Germany expelled 14 rejected Afghan asylum seekers, the interior ministry said Wednesday, amid angry protests that the war-ravaged country is unsafe for returnees.
A chartered Czech plane with the Afghans on board, all of them men, took off late Tuesday from the eastern German city of Leipzig and arrived in Kabul on Wednesday.
Eleven of the deportees had criminal records for acts including manslaughter, causing grievous bodily harm, the sexual abuse of children, fraud and theft, interior ministry spokeswoman Annegret Korff told reporters.
The other three Afghans had refused to cooperate on establishing their identity, she added.
Saxony state interior minister Markus Ulbig told public broadcaster MDR that Germany was sending a "loud and clear message" that those not granted refugee status following an official review "no longer have a right to be in Germany".
While Germany has granted safe haven to most asylum seekers from war-torn Syria, Berlin has argued that it can safely repatriate people to Kabul and other parts of Afghanistan, even as Taliban and Islamic State militants terrorise much of the country.
Around 150 demonstrators gathered at the airport in Leipzig to protest against the expulsions.
In Berlin, leading Greens MP Claudia Roth called on the government to stop the deportations, noting that some 250 people were killed in attacks in Afghanistan in the last week.

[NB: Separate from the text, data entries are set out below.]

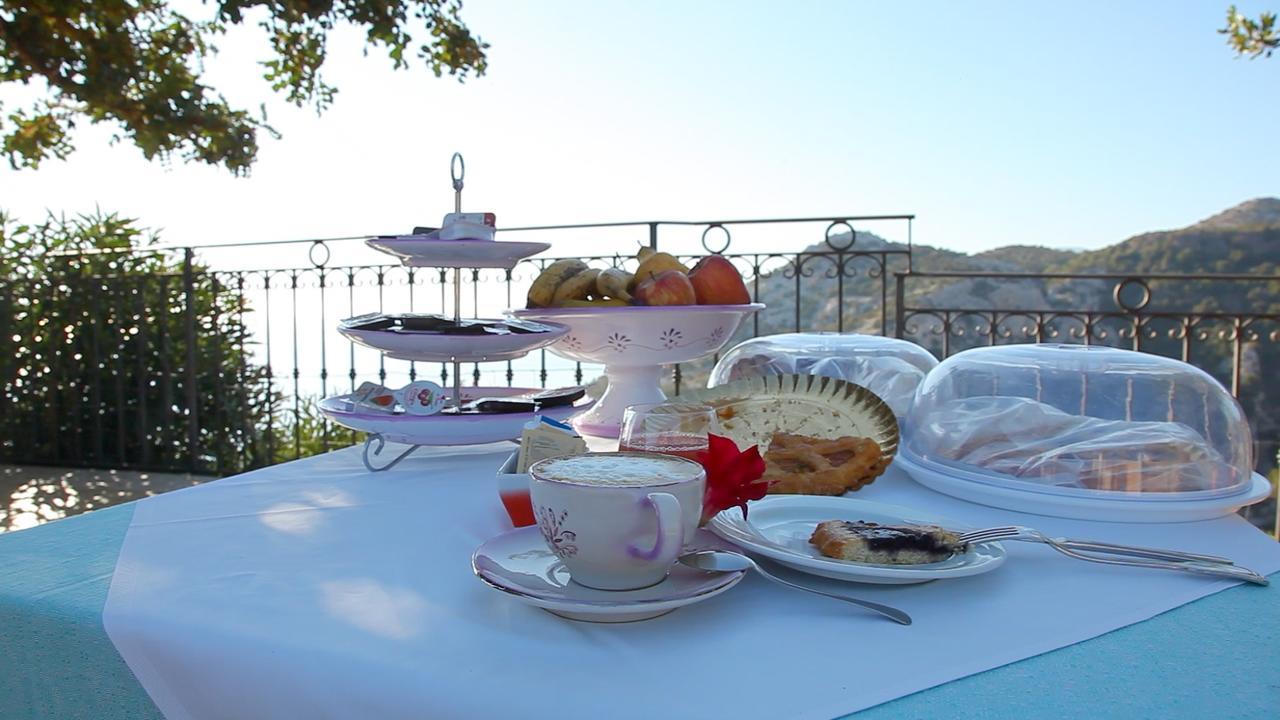 Hotel Turismo Rurale Villa Maria Caterina Кала Гононе Екстериор снимка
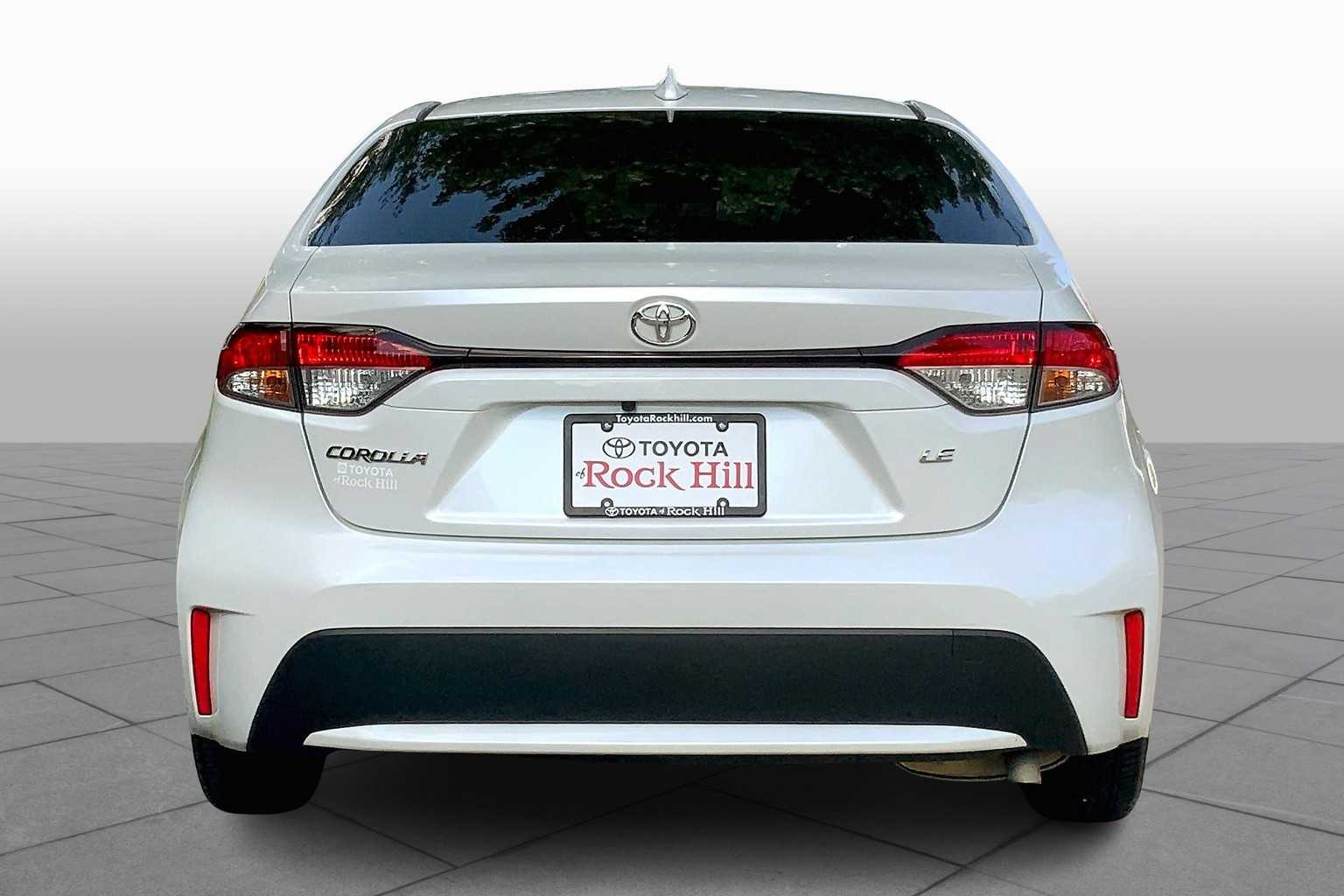 2022 Toyota Corolla LE photo 3
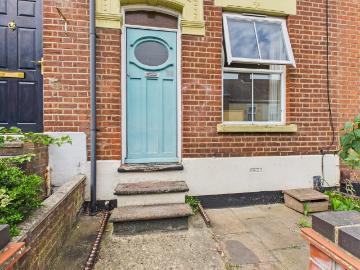 Warwick Street 1 bed in a house share to rent £500 pcm...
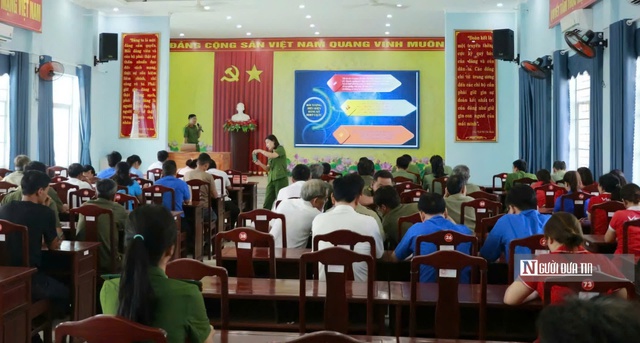 Bình Phước phát động chiến dịch "90 ngày, đêm" tích hợp giấy tờ trên ứng dụng VNeID- Ảnh 1. Bình Phước phát động chiến dịch "90 ngày, đêm" tích hợp giấy tờ trên ứng dụng VNeID- Ảnh 1.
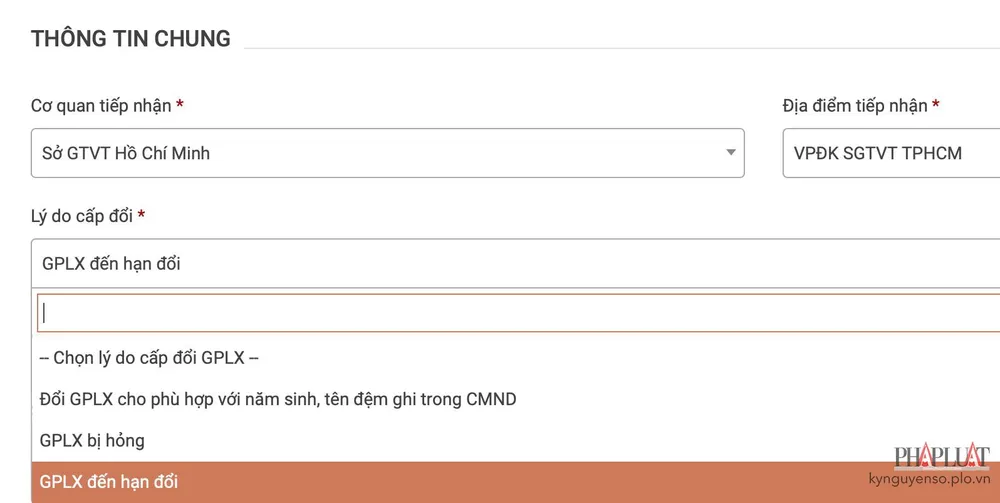 lua-chon-co-quan-tiep-nhan-yeu-cau-doi-giay-phep-lai-xe Lựa chọn cơ quan tiếp nhận, địa điểm tiếp nhận và lý do cấp đổi tương ứng. Ảnh: MINH HOÀNG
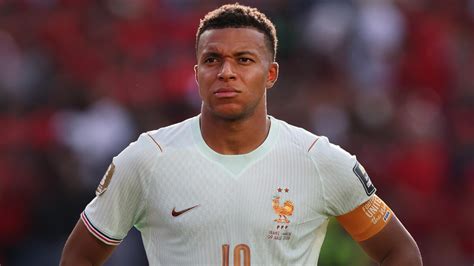 kylian mbappe  injury update  frances  fifa world cup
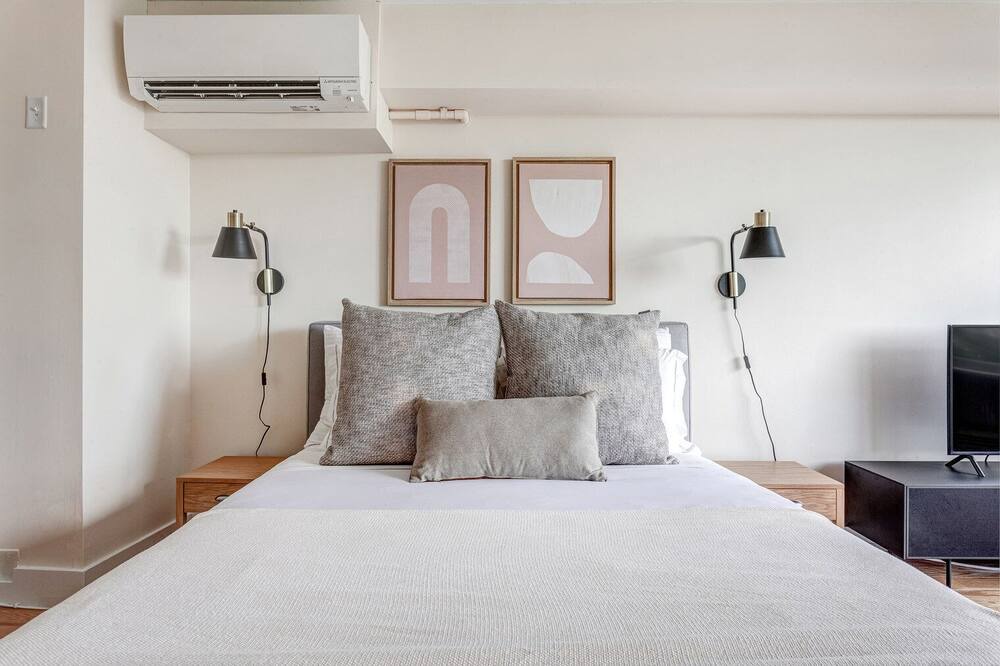 Photo of Bedroom in Corey Hill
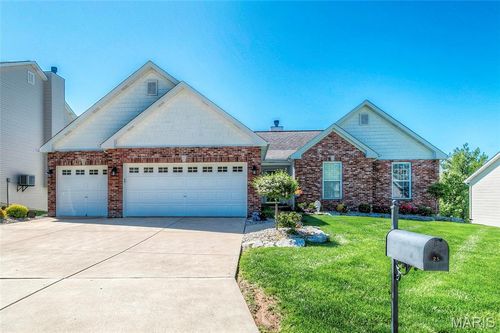 25 Aspen Ridge Ct, Saint Peters, MO, 63376-1676 | Card Image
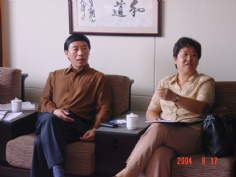 访问 2004.8.17 上海市共商业联合会宣教部陈琦来我公司检查工作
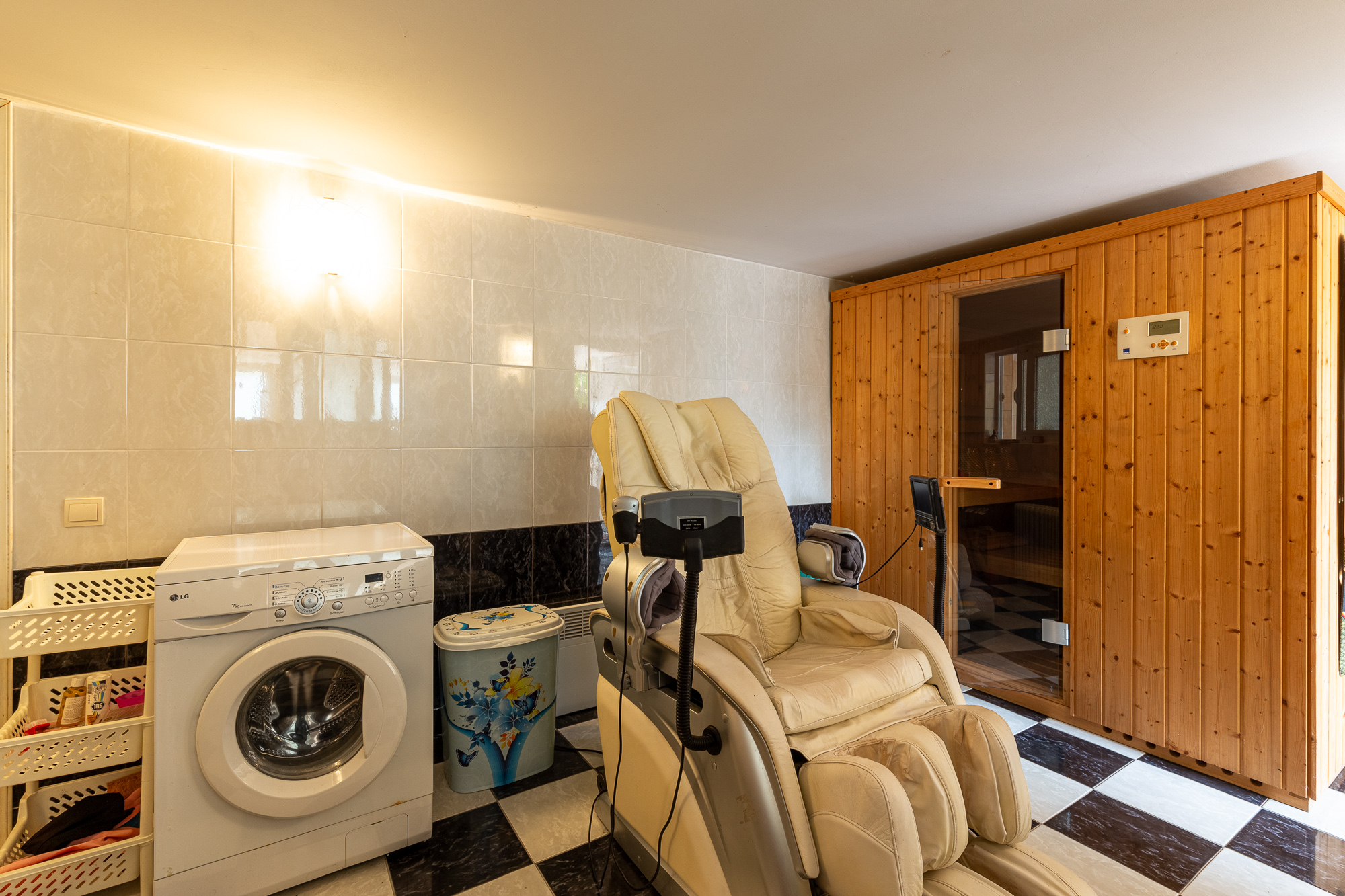 Image of House - 3 Bedrooms - 4 Bathrooms for Sale in Herceg-Novi-Kumbor-Montenegro, Image 1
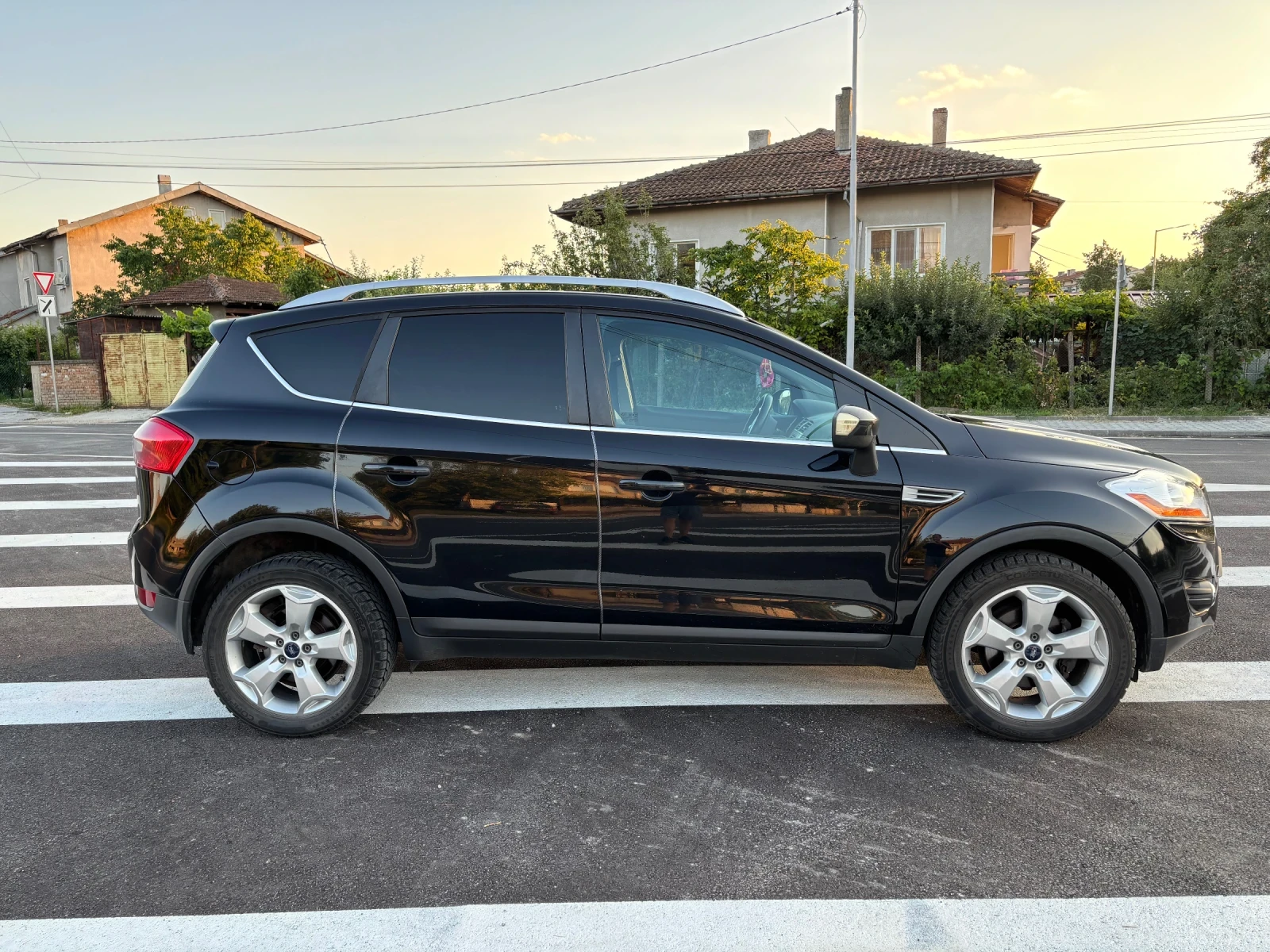 Ford Kuga  Панорама, снимка 8 - Автомобили и джипове - 55524318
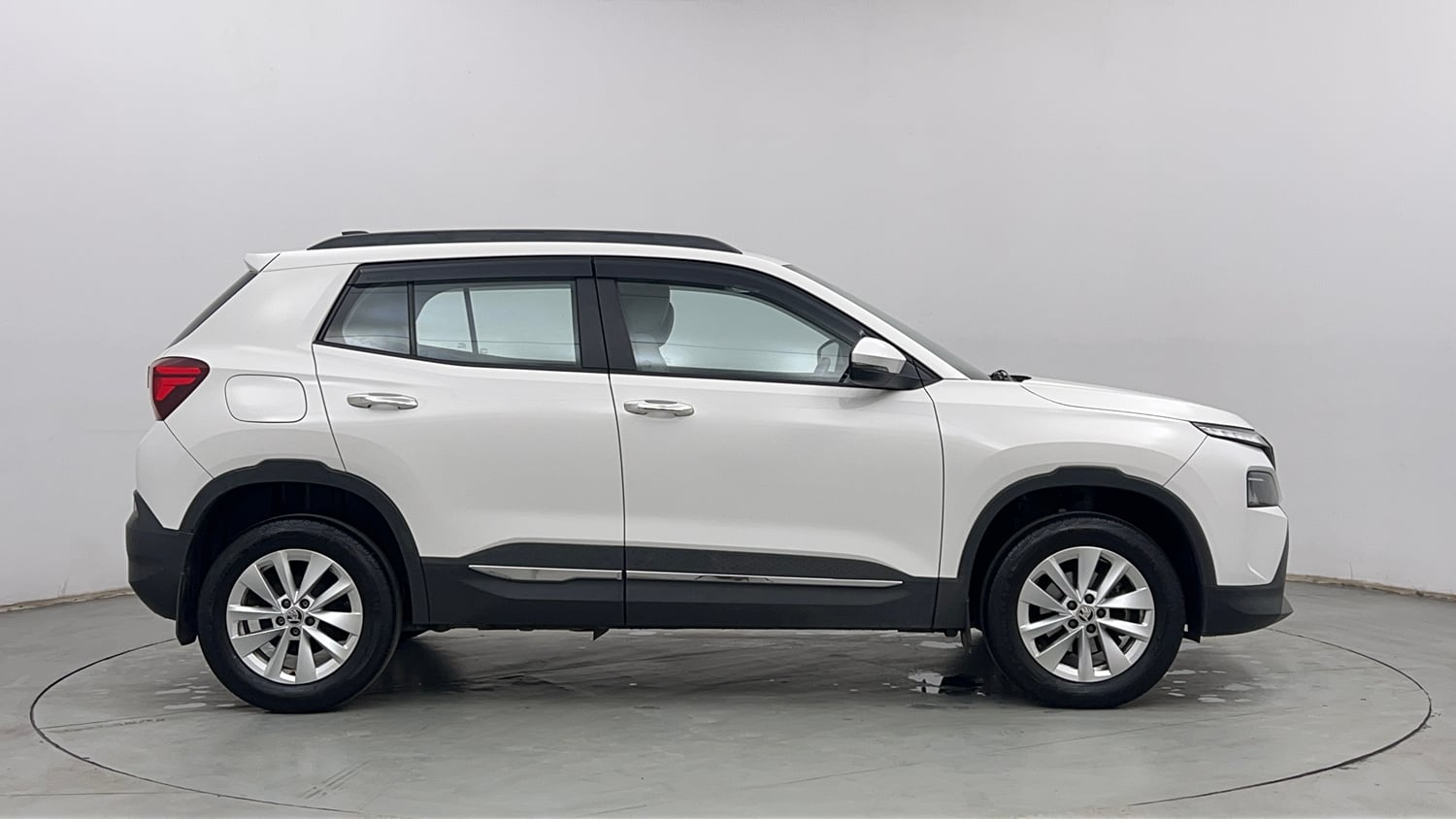 Used 2025 Skoda Kylaq Signature Plus AT Petrol Automatic exterior RIGHT SIDE VIEW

"Under these conditions, expulsions to Afghanistan clearly violate our responsibility to provide humanitarian protection," she said in remarks reported by DPA news agency.
Germany resumed deportations of rejected asylum seekers from Afghanistan last month after suspending the process when a devastating truck bomb hit the Afghan capital in May.
That group of eight Afghans represented the sixth wave of repatriations of Afghans from Germany since December under a disputed Afghan-European Union deal aimed at curbing the influx of migrants.
Amnesty International warned European governments earlier this month that a surge of failed Afghan asylum seekers "forcibly" returned are at risk of torture, kidnapping and death.
Almost 9,500 Afghans went back to their homeland in 2016 after their applications for asylum in Europe were rejected, compared with fewer than 3,300 a year earlier, the rights group said.
Berlin has set a policy of returning to Afghanistan convicted criminals, people feared by police to be planning an attack, and those who refuse to cooperate with authorities or give their names.
More than 13,300 Afghans have applied for asylum in Germany since the start of the year.
Chancellor Angela Merkel has been struggling to bring down the numbers of asylum seekers after the arrival of more than one million migrants -- mainly from Iraq, Syria and Afghanistan -- since 2015.